Like Justice Stephen Breyer, many of us have pained looks when thinking about the Supreme Court this week
In a case with implications beyond securities law, the Supreme Court ruled in Lucia v. SEC last week that an investment adviser convicted of securities fraud by the Securities and Exchange Commission (SEC) was unconstitutionally convicted because the Administrative Law Judge (ALJs) who tried his case was hired rather than appointed in violation of the appointments clause.
Lucia is not a high-profile case like Tuesday’s decsion in Trump v. Hawaii that upheld the so-called Muslim ban. To some extent the cases may seem contradictary. But the cases can be reconciled in a way that reveals some disturbing truths about the American political system. While Lucia is an important case in its own right, it makes Trump v. Hawaii more understandable.
In January 2017, I wrote about how a companion case to Lucia could potentially wreak havoc with Social Security Disability (SSDI) cases. Like the SEC, the Social Security Administration appoints administrative law judges to adjudicate social security disability claims. ALJs are government employees who are hired by agency rather than appointed by the President or agency head. The Supreme Court held that since ALJs at the SEC had significant discretion in deciding important matters they were officers for the sake of the appointments clause so they needed to be appointed rather than hired as employees.
SSDI hearings may be distinguishable from SEC hearings in that they are less formal and less adversarial. A parrty challenging the constituionality of SSDI on appointments clause grounds might have a hard time showing they had standing to make a challenge. But other forms of administrative hearings are more formal and adversarial and involve parties with standing to make challenges.
In Nebraska, the Department of Labor hires ALJs to hear unemployment appeals. In many states, like Iowa, workers’ compensation cases are heard by ALJsthat are hired as civil servants rather than appointed by the Executive. SEC v. Lucia could help employers/insurers to make persuasive appointments clause arguments under state constitutions that such arrangements are unconstitutional. Employees/plaintiffs have had a recent string of good decisions with state supreme courts challenngng laws they believe harm workers. Employers may decide to press their luck in the states with Lucia case as persuassive authority. The same challenges based on Lucia could conceivably be made about unemployment insurance at a state level.

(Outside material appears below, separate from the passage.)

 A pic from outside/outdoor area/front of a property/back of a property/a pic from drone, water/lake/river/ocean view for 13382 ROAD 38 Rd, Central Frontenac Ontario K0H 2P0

Finally there was some irony in Lucia. Though ALJs hired by the SEC could only make recommendations to the commission, the court found that the commission usually deferred to the recommendation of the ALJ which was part of the reason why the ALJ was an officer rather than an employee. In Masterpiece Cakeshop an ALJ had decided that bakery had violated Colorado public accommodation laws in refusing to bake a wedding cake for a same-sex marriage. The comments made by the Colorado civil rights commissioner that caused the decision to be reversed by the court were made after the ALJ’s decision. But in Masterpiece the argument that the commission was probably just deferring to an ALJ decision was absent. But Masterpiece and Lucia can be somewhat reconciled logically as they both show how the Roberts court is skeptical of administrative agencies when they interpret laws and adjudicate disputes.

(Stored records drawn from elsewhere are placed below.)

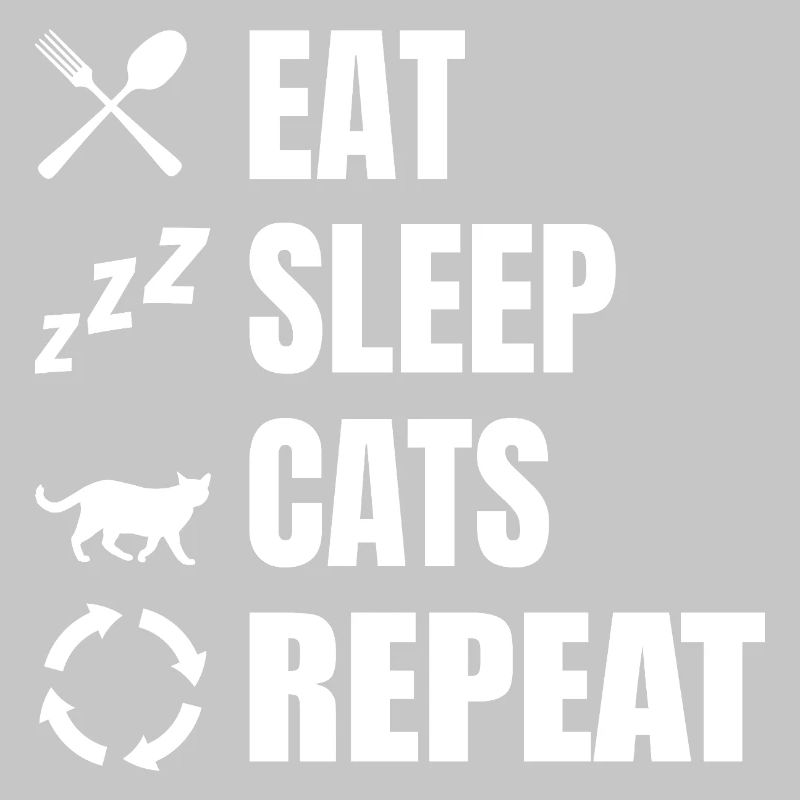 Manger dormir chats répéter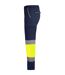 Pantalon Enix Homme Bleu Marine Jaune Fluo Roly Workwear-3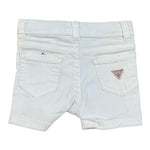 Guess Bermuda Tinta Unita con Girovita Regolabile per Neonato K4RD07WE620 BIANCO GUESS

In his dissent in Lucia, Justice Stephen Breyer stated the Supreme Court threatened to undermine the whole system of administrative adjudication with its decision. The most high profile of these administrative systems is the Immigration Court which is backlogged with cases. President Trump proposed “solving” the backlog of cases by just doing away with due process altogether in deportation hearings.But if four-flushers and flim-flam men deserve due process in administrative hearings, then so do those accused of either entering or living in the United States without authorization.
The skepticism shown by the Roberts court towards admisnisative agencies that regulate the economy was absent the Department of Homeland Security (DHS) and other intelligence agencies in Trump v. Hawaii. Instead the Roberts court was beyond deferential to the Executive branch in a matter they deemed to be “national security.” To those raised during the Cold War and post-9/11 era such deference to the executive on matters of national security seems natural. But as Justice Sotomayor poitned out in her dissent, the Judiciary, Legislative and Executive are equal branches of the government.
But are the branches of the government are equal when the Executuve commands a massive standing army and massive foreign and domestic intellignece agencies? The power of the Executive in this area is even greater when combined with business interests that former President Dwight Eisenhower described as the military-industrial complex in 1961. William Jennings Bryan made a similar warning in 1900 in what was called his “Imperalism” speech. The corrosivve effects of the military-industrial complex or empire on our democratic form of government can be seen in how the Roberts court was willing to kow-tow to the Trump administration on matters of “national security” while the corut is more than willing to second guess Congress and administtrative agencies on matters relating to regulation of the economy.